10. A method of determining on a computer-based system representative segments of a musical
composition, the method comprising:
providing (401) a digital audio signal (1) representing a musical composition,
dividing (402) said digital audio signal (1) into a plurality of frames (2) of equal
frame duration Lf,
calculating at least one master audio feature value (403A) and at least one secondary
audio feature value (403B) for each frame by analyzing the digital audio signal (1),
said audio features being a numerical representation of a musical characteristic of
said digital audio signal (1) with a numerical value equal to or higher than zero,
identifying (404A) a master frame (3A) corresponding to a representative frame (3)
according to any one of claims 2 to 5,
identifying (404B) at least one secondary frame (3B) corresponding to a representative
frame (3) according to any one of claims 6 to 9,
determining (405A) a master segment (4A) of the digital audio signal (1) with a predefined
segment duration Ls, the starting point of said master segment (4A) being a master frame, and
determining (405B) at least one secondary segment (4B) of the digital audio signal
(1) with a predefined segment duration Ls, the starting point of each secondary segment (4B) being a secondary frame.
11. A method according to any one of claims 1 to 10, wherein said frame duration is 100ms
< Lf < 10s, more preferably 500ms < Lf < 5s, more preferably Lf = 1s.
12. A method according to any one of claims 1 to 11, wherein said predefined segment duration
is 1s < Ls < 60s, more preferably 5s < Ls < 30s, more preferably Ls = 15s.

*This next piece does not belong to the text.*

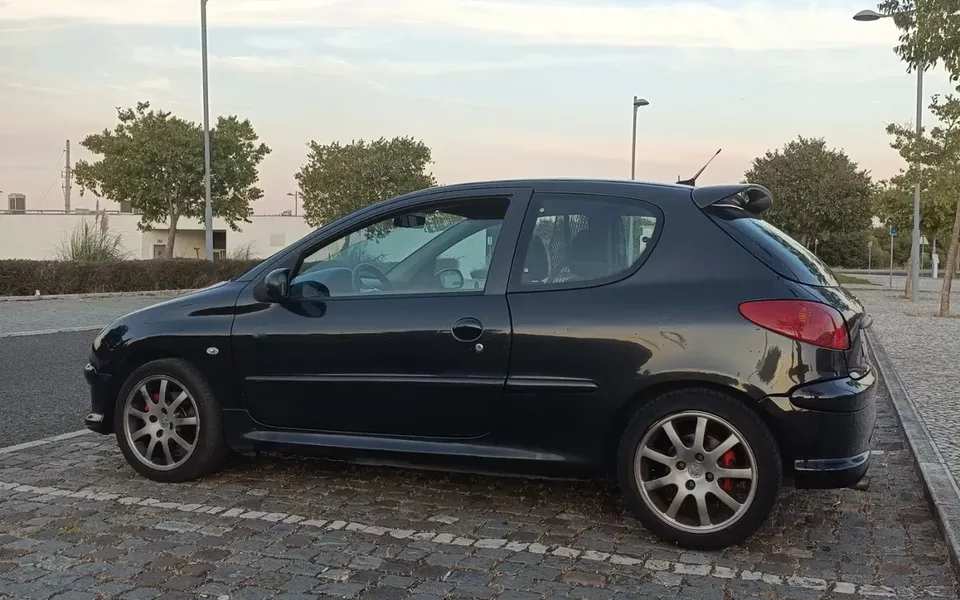 Peugeot 206 1.6 HDi S16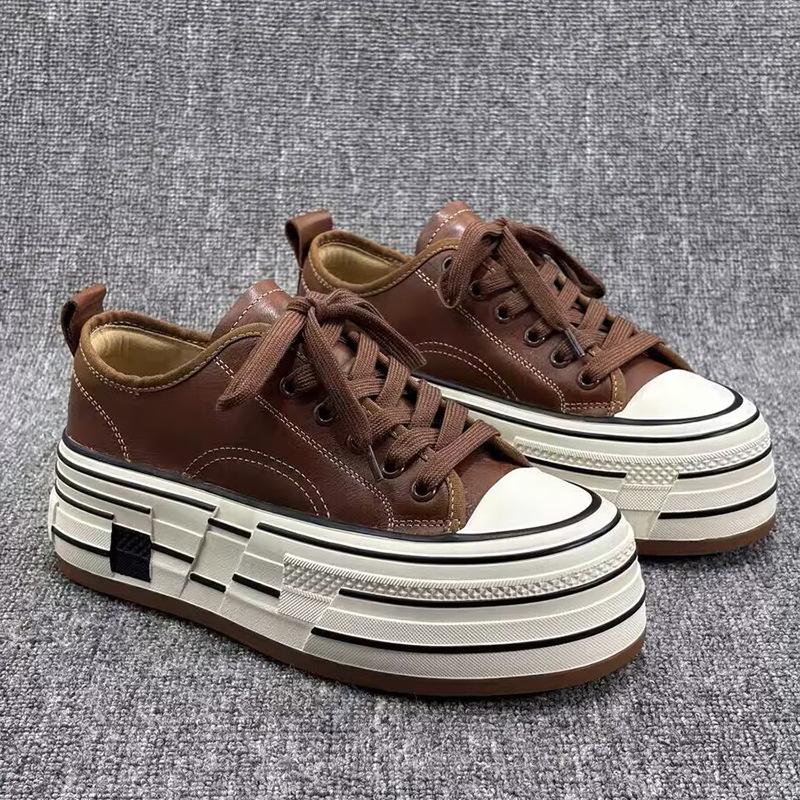 

2025 весна новые толстоподошвенные увеличивающие рост нишевый дизайн повседневные парусиновые туфли женские универсальные модные трендовые туфли кеды одинарные туфли 40 коричневый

13. A computer-based system (10) for implementing a method according to any one of claims
1 to 12, the system comprising:
a storage medium (11) configured to store a digital audio signal (1) representing
a musical composition, and
a processor (12) configured to execute the steps of:
dividing said digital audio signal (1) into a plurality of frames (2) of equal frame
duration,
calculating at least one audio feature value for each frame by analyzing the digital
audio signal (1), said audio feature being a numerical representation of a musical
characteristic of said digital audio signal (1) with a numerical value equal to or
higher than zero,
identifying at least one representative frame (3) corresponding to a maximum value
of said audio feature, and
determining at least one representative segment (4) of the digital audio signal (1)
with a predefined segment duration,
the starting point of said at least one representative segment (4) being a representative
frame (3),
wherein said storage medium (11) is further configured to store said at least one
representative segment (4).
14. A use of any one of a representative segment (4), a master segment (4A), or a secondary
segment (4B), determined according to any one of claims 1 to 12 from a digital audio
signal (1) representing a musical composition, as a preview segment associated with
said musical composition to be stored on a computer-based system and retrieved upon
request for playback.
15. A use of any one of a representative segment (4), a master segment (4A), and a secondary
segment (4B), determined according to any one of claims 1 to 12 from a digital audio
signal (1) representing a musical composition, alone or in an arbitrary or temporally
ordered combination, for comparing different musical compositions using a computer-based
system in order to determine similarities between said musical compositions.